Problem requirements: The lines from the one holding "Ariel Folyékony Mosószer" to the final line of the listing below are to be duplicated exactly, with both ends included and pictures omitted.

---+---

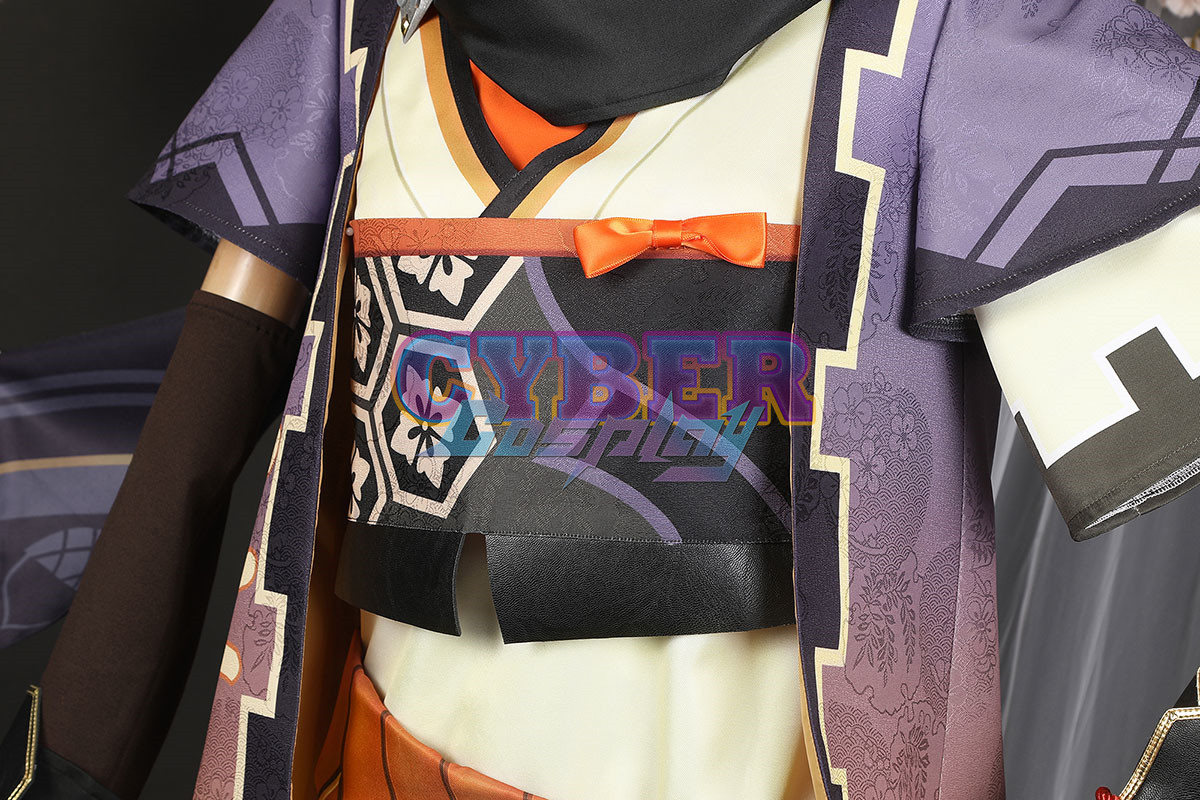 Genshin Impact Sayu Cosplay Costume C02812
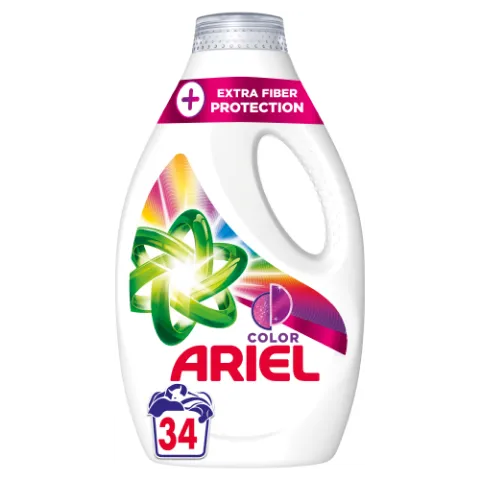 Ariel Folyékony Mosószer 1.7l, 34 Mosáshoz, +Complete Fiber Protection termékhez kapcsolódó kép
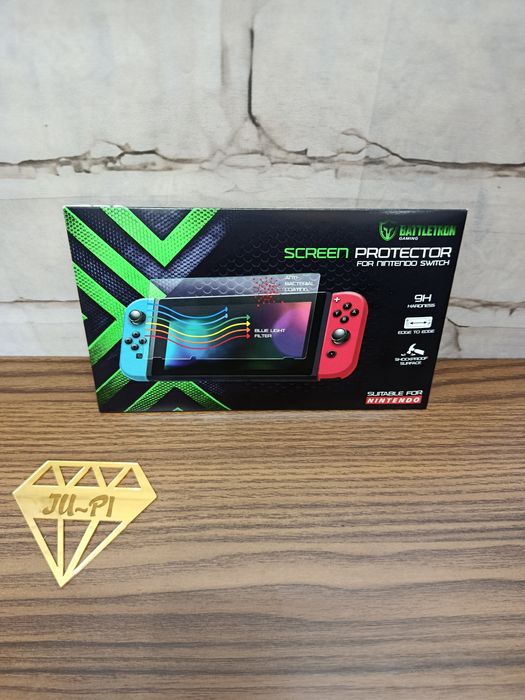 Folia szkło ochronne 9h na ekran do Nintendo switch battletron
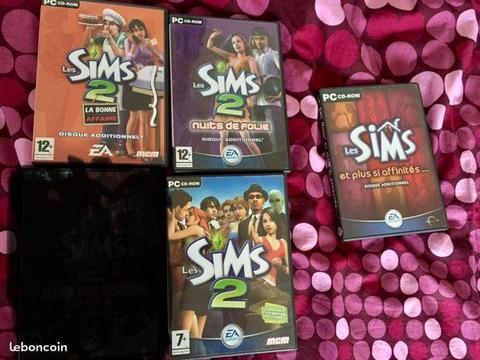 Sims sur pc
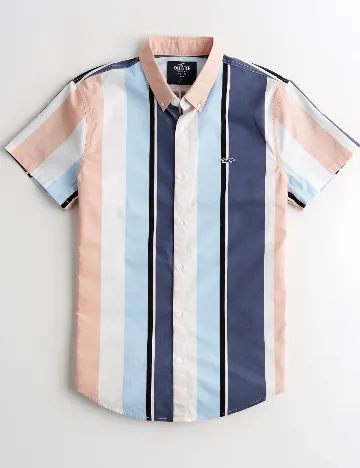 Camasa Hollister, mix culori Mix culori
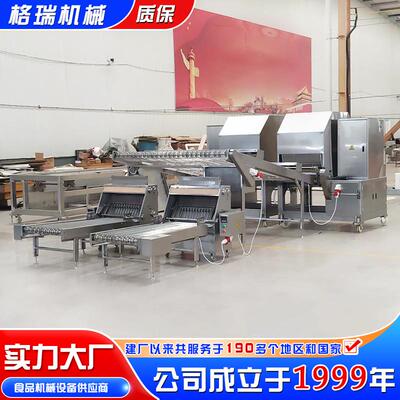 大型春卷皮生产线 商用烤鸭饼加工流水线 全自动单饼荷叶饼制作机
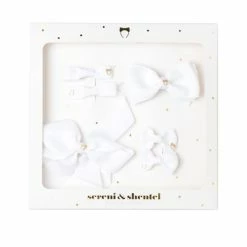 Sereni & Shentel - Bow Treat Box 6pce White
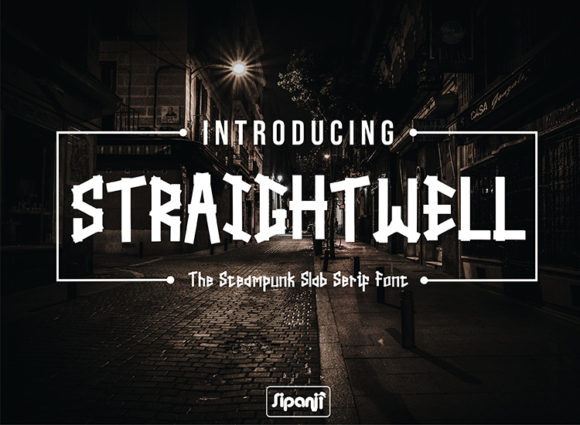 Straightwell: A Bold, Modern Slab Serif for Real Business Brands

---+---

Output of the task:
 Ariel Folyékony Mosószer 1.7l, 34 Mosáshoz, +Complete Fiber Protection termékhez kapcsolódó kép
 Folia szkło ochronne 9h na ekran do Nintendo switch battletron
 Sims sur pc
 Camasa Hollister, mix culori Mix culori
 大型春卷皮生产线 商用烤鸭饼加工流水线 全自动单饼荷叶饼制作机
 Sereni & Shentel - Bow Treat Box 6pce White
 Straightwell: A Bold, Modern Slab Serif for Real Business Brands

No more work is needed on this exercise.